Predictive analytics, what is it ? : it uses analysis of past events to predict future trends or events. IT specialists can use it to identify risks and inform defenses or security protocols. The field of cybersecurity is constantly evolving, and new threats emerge daily as more technologies arise. Businesses must stay up to date with these changes by analyzing past data. This helps them understand the security risks of current systems and what measures they can take to mitigate them.
Predictive analytics makes a significant difference in cybersecurity since a key part of it is prediction. Organizations can use it to assess the likelihood of different scenarios and try to prevent threats before they happen.
A huge benefit of predictive analytics in cybersecurity is that it can make multiple predictions and determine the most likely outcome of the scenario. The set of variables it uses to make predictions include historical data, user behavior and external factors.
How It Detects Threats
Security analytics helps organizations detect threats by identifying indicators of malicious behavior. Gathering enough information from past breaches, phishing attacks and malware lets the systems identify when they arrived.
In other words, security systems can spot cybersecurity threats when criminals make enough attempts. That’s because their activity circulates and makes it easy to detect threats as soon as they turn up.
How can predictive analytics be applied in cybersecurity?
There are three ways companies can apply this technology and enhance cybersecurity :
1. Sound the alarm
Cybersecurity requires a proactive approach to catching cybercriminals. Predictive analytics doesn’t only notify you where cybercriminals attacked. It also enables you to tell where they’re likely to hit next, where you’re vulnerable and how well-prepared you are to counter the attack.
Leveraging your analytics lets you successfully map all the patterns and get down to the pertinent details. That way, you’re more prepared for the next attempt.
2. Manage vast amounts of data
One primary challenge for a cybersecurity solution is handling large pools of data. This can be challenging to sift through, process and analyze on your own. Predictive analytics does this for you.

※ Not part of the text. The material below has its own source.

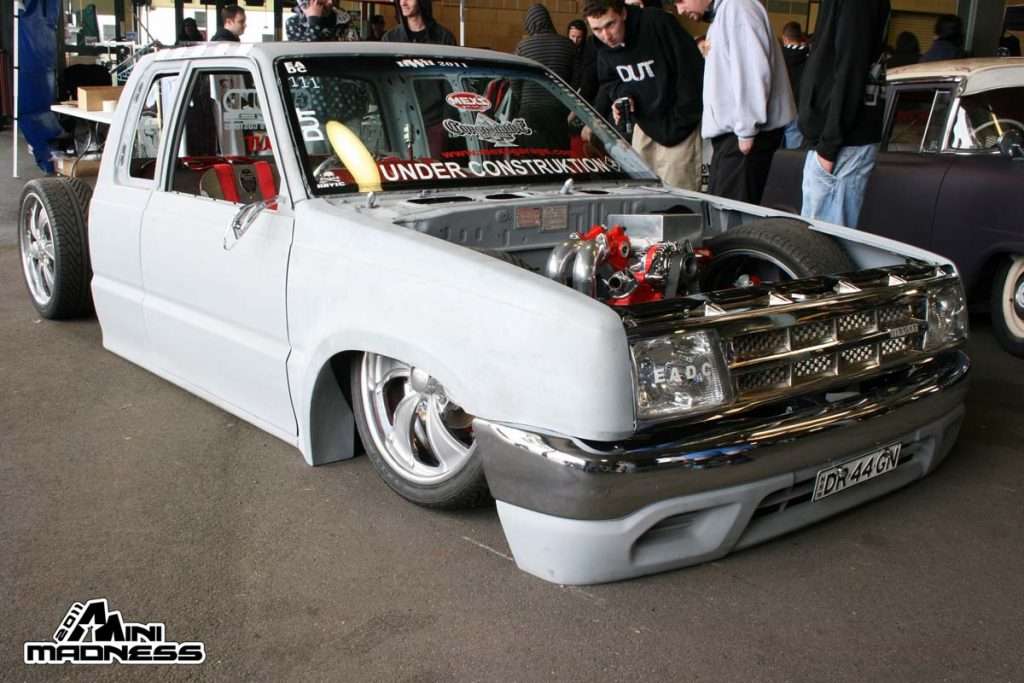 Minitruck in primer with UNDER CONSTRUCTION banner showing worked engine bay at indoor Mini Madness 2011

The more inputs you have, the clearer the picture becomes. Therefore, you can make predictions more accurately.
3. Automate IT workloads
Predictive analytics and machine learning are helping cybersecurity teams manipulate data and provide crucial insights. This takes most of the pressure off IT departments since 52% of businesses reported that their IT specialists spend too much time collecting data manually.

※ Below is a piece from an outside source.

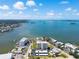 A scenic aerial view showcasing the community's waterfront location, buildings, pool, and lush landscaping at 2530 Gary Cir # 301, Dunedin, FL 34698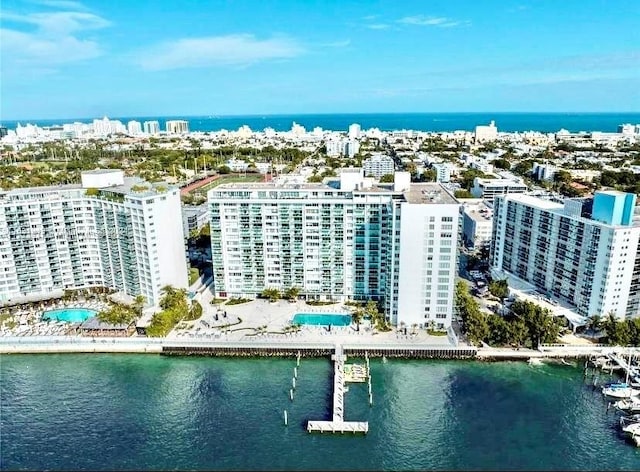 birds eye view of property featuring a water view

You still need an expert to interpret findings, but most of the work of gathering data and compiling reports is already done. Therefore, the IT department can focus on identifying potential threats and make moves fast to secure the system.
How effective is predictive analytics?
This all sounds great — using the past to predict the future, stopping cyber criminals in their tracks — but is it truly possible today?
Yes and no. Predictive analytics is certainly useful in cybersecurity today but it’s far from perfect. One challenge is that it mainly learns from past attempts; if cybercriminals attempt a new type of attack, and are successful on the first try, then predictive analytics won’t be able to do much to prevent it because it doesn’t have the necessary experience and learning.
Similarly, predictive analytics does give you the most common tactics hackers used in the past, but it doesn’t always prepare you for what they could use next. Therefore, it can’t yet put an official end to cyberattacks.
Additionally, security teams must be careful when implementing predictive analytics. Predictions may be inaccurate if incorrect data is used to train the model. As a result, this framework can over- or underestimate risk and may cause security missteps.
Still, the technology has huge potential and is improving each day. Like all new tech, predictive analytics has heavy system requirements, like various large data sets. However, cybersecurity companies are working with analytics firms to smooth out the kinks.
The future of predictive analytics in cybersecurity
The best results of predictive analytics in cybersecurity will require the correct training data, and a lot of it. However, cybersecurity and analytics companies combine machine learning with predictive analytics to use this technology to its fullest potential.
Once machine learning collects enough training data, security systems can use predictive analytics to deliver more accurate results. This will enable cybersecurity teams to remove their current blacklist strategy and detect threats with more confidence.
Along with predictive analytics, companies will also use hacker bots. Hacker bots can detect problems within a system efficiently and quickly identify bugs faster than humans. This automation will replace slow and inefficient manual processes in the future. Predictive analytics is the best solution for now, but it will keep developing into a more effective technology.
Predictive analytics is helping companies work faster to mitigate risks and prevent attacks. It could still use development and further training, but it solves the issue of identifying areas of vulnerability and where you must take preventive measures.
Predictive analytics is evolving in cybersecurity and will enhance it even further. For now, it’s best to look for the latest technological advancements to keep intelligent hackers at bay.